--- WHAT IS REQUIRED ---
Write every line below out again, exactly as given, but leave out the pictures.

--- DATA BELOW ---
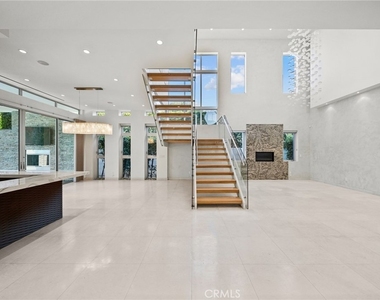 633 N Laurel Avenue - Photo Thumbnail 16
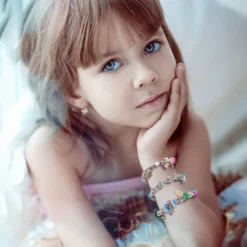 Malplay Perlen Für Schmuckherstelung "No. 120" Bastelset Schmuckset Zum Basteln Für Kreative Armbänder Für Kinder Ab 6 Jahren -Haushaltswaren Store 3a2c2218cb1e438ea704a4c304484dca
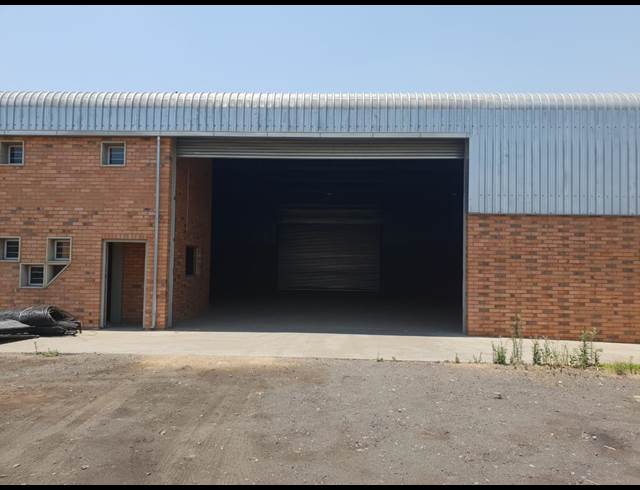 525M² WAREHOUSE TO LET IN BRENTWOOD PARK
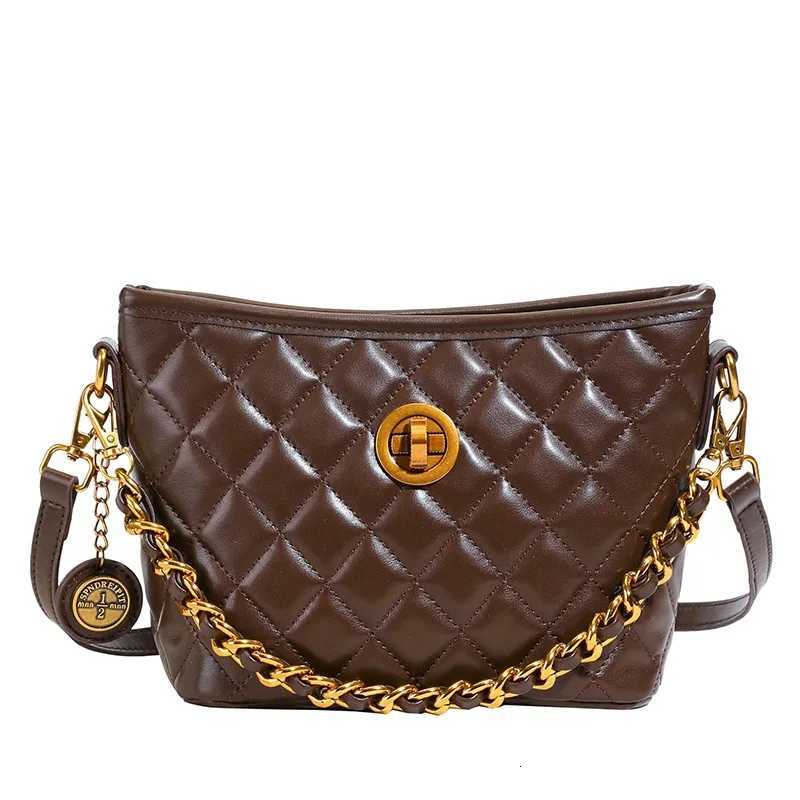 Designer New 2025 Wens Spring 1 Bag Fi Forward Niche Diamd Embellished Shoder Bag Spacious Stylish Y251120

--- ANSWER SPACE ---
 633 N Laurel Avenue - Photo Thumbnail 16
 Malplay Perlen Für Schmuckherstelung "No. 120" Bastelset Schmuckset Zum Basteln Für Kreative Armbänder Für Kinder Ab 6 Jahren -Haushaltswaren Store 3a2c2218cb1e438ea704a4c304484dca
 525M² WAREHOUSE TO LET IN BRENTWOOD PARK
 Designer New 2025 Wens Spring 1 Bag Fi Forward Niche Diamd Embellished Shoder Bag Spacious Stylish Y251120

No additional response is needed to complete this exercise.